Eu danço tango. Corpo a
corpo, regra a regra e com uma voz que diz: “Segue a marcação, nena.”
Cada vez que entro no salão eu deixo a cabeça lá fora. E decido dançar.
Jogar o jogo embaralhado por ELE. Sei que uma vez ali, no abraço, o jogo não
pode ser interrompido. Uma vez começada a dança, ou o duelo “sexual” como
escreveu Zangaro, tem que continuar até ELE acabar, o tango, até o “mata-me” e
“morro”, até a união de paixão e morte, até o encontro trágico num
delírio de êxtase da dança que se torna bacanal.
Propondo
perguntas
Por que fico? Por que ELA fica? Por
que ficamos?

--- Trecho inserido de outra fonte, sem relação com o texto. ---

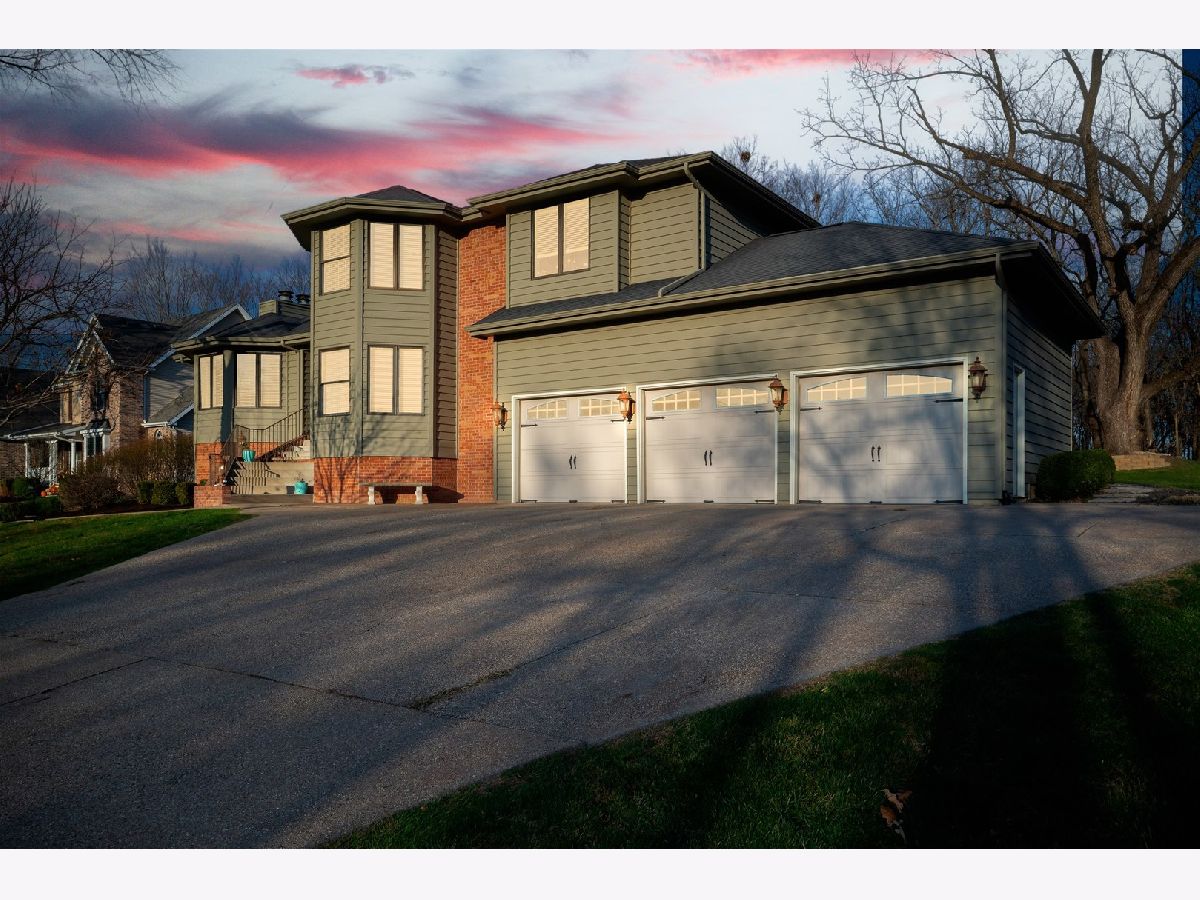 Homes & Condos & Townhomes Sold Woodland Ridge Bloomington Illinois, 1510 Sweetbriar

Quais são as estratégias de “engate” que nos fazem saber que ali
está a porta e não podemos sair?
O chamado sexo
O categorizado
gênero
O recebido
O consumido
O não pensado
O aceito O que concebemos como “natural”
tem sua origem. Sua genealogia. Seu
momento de construção.
Quem construiu as regras do tango em
sua passagem de dança de homem com homem a dança de mulher com
homem?
Os papéis de gênero são armadilhas
que nos agarram à força.
Somos o que dançamos
Quando nascemos, ou diante da
primeira imagem de ultrasson, passamos da categoria “neném” a “é uma menina”, “é
um menino”. A denominação é um modo de fixar uma fronteira e também de
inculcar repetidamente uma norma – escreveu Judith
Butler.
Na dança do TANGO a tradição deve ser mantida. O sexo (que já traz
consigo a identidade de gênero) determina o papel que se vai representar e como,
no tango e além do tango. O masculino e o feminino estão construídos como
categorias com funções estabelecidas, qualquer desobediência gera punição.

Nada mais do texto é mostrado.